Another problem is that LNG has historically been more expensive than pipeline gas, which Germany has traditionally been getting cheaper than most. Dmitry Medvedev, the former Russian president turned senior security official, warned in a tweet on Tuesday that shelving Nord Stream 2 would mean much higher prices for European consumers.

Hints of the danger of relying on Russia for energy first emerged when state producer Gazprom PJSC throttled gas supplies to Ukraine in 2006 and 2009.

Western European and Russian leaders at a Lubmin ceremony in 2011 to mark the launch of Nord Stream, the first direct natural-gas pipeline linking Russia and Germany.

Less than three years later, western European and Russian dignitaries gathered in Lubmin, a small town on Germany’s north-eastern shore, to celebrate the launch of Nord Stream, the first direct gas pipeline between Russia and Germany.

German Chancellor Angela Merkel huddled with her French, Dutch and Russian counterparts around a mock gas valve to symbolically switch on the link.
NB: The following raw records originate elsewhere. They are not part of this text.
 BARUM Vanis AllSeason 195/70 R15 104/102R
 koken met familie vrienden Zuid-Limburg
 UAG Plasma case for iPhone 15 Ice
Ms Merkel praised Russia as an “outstanding partner for Europe’s energy supply.”

“We have a bright future ahead of us,” responded Mr Medvedev, who had become president of Russia after swapping his prime minister’s role with Mr Putin.

Since then, Russia’s share of Europe’s gas market has grown from 30 per cent to 38 per cent. Russia is the EU’s biggest supplier of coal and crude oil, too. Poland’s former foreign and defence minister, Radek Sikorski, had warned about the project, saying its real aim was to allow Moscow to throttle supplies to Kyiv without hurting downstream customers.
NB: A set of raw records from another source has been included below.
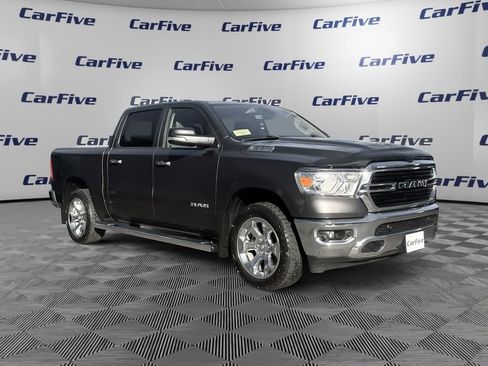Used 2020 RAM 1500 Big Horn image 8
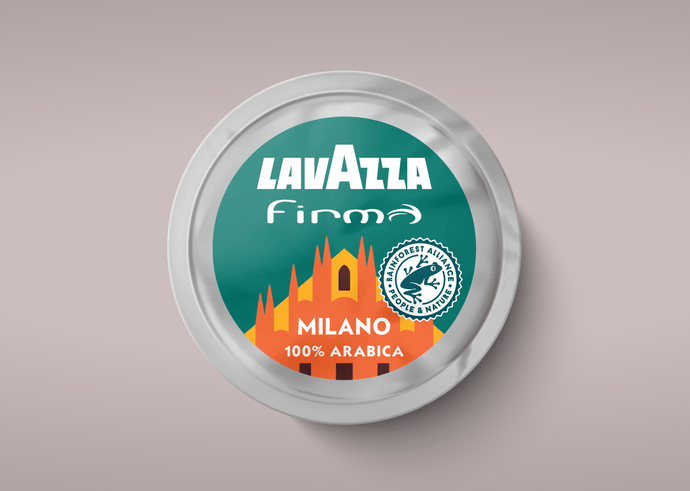 ESPRESSO MILANO T0 || LAVAZZA FIRMA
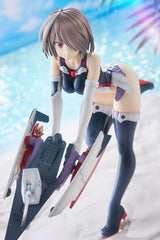 Frame Arms Girl PVC Statue Kongo Swimsuit Ver. 23 cm  4934054063734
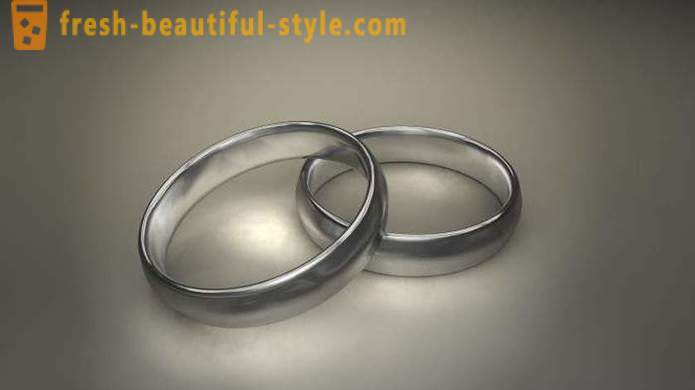 Stříbrné prsteny s kameny. Jak si vybrat stříbrný prsten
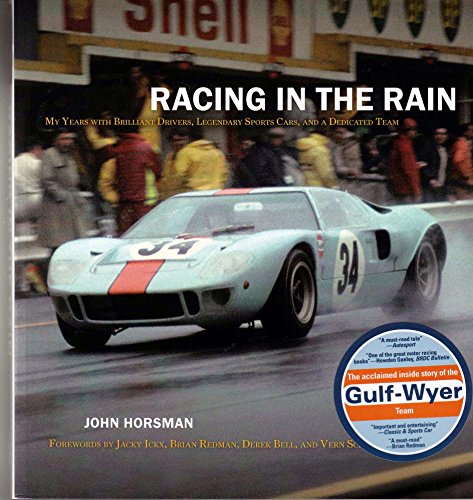 Racing In The Rain - Click to Buy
“I raised this at all levels of government with the Germans, both in private and in public and they understood the argument, but they didn’t care,” Mr Sikorski said. “It’s just business, they said.”
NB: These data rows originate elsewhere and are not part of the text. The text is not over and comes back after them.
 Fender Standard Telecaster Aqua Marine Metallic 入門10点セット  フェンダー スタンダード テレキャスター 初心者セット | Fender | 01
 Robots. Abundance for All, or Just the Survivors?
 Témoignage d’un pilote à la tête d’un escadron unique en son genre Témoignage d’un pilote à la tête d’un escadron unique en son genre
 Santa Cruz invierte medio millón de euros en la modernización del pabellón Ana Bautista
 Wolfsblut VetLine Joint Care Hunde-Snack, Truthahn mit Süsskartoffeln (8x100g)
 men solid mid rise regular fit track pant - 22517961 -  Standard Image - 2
Ms Merkel would go on to increase Germany’s reliance on gas. In 2011, after a tsunami caused a meltdown at the Fukushima Daiichi nuclear-power plant in Japan, she decided to accelerate a 30-year plan to phase out nuclear power in the country by a decade.

Russia’s ambassador to Berlin, Vladimir Grinin, was holding a lunch for German dignitaries after the decision was made. He raised a toast to what he said would be a new chapter in the Russo-German relationship, according to people present.

All but three of Germany’s nuclear reactors have since been shut down, and the remaining plants are set to close by the end of this year.

Three years later, in 2014, Russia invaded parts of Ukraine and annexed the Crimean Peninsula, turning Mr Putin into an international pariah.

Yet only months later, Germany’s BASF SE, a chemicals company, traded its German gas sales and storage businesses for co-ownership of some of Gazprom’s Siberian gas fields. This left Gazprom holding roughly one-quarter of Germany’s storages, including the European Union’s largest.

Gazprom left its German, Austrian and Dutch storages largely empty last year, exacerbating the current price surge. Germany’s gas reserves have now dropped to a historic low of about 30 per cent. In comparison, storages in Poland, which has a strategic gas reserve, are nearly 60 per cent full.

Gazprom denied claims by the International Energy Agency, Kyiv and EU officials that leaving the storages empty was designed to goose energy prices in Europe.

It was a wake-up call for the EU, officials say. The bloc is now drafting rules to force operators to keep reserves at a certain level. And Germany is working on a law that would prevent Gazprom and others from keeping storages empty into next year.

Should Russian exports stop altogether as the conflict worsens, the EU might not secure enough alternatives even in the next couple of years, said James Huckstepp, a gas analyst with S&P Global Platts, an agency specialising in energy and commodities markets.

LNG-producing capacities are being expanded in countries such as the US and Qatar, but it would take at least two years for greater volumes to come to market – and even then Europe will be in fierce competition with Asian nations such as China.

Without Russian gas, Germany and others might be forced to restart mothballed coal and oil power plants and ration gas for industrial use as they give priority to power generation and heating.

“It is the worst-case scenario for Europe…it will push up already-high energy prices and boost inflation,” said Simone Tagliapietra, energy expert with the Bruegel think tank.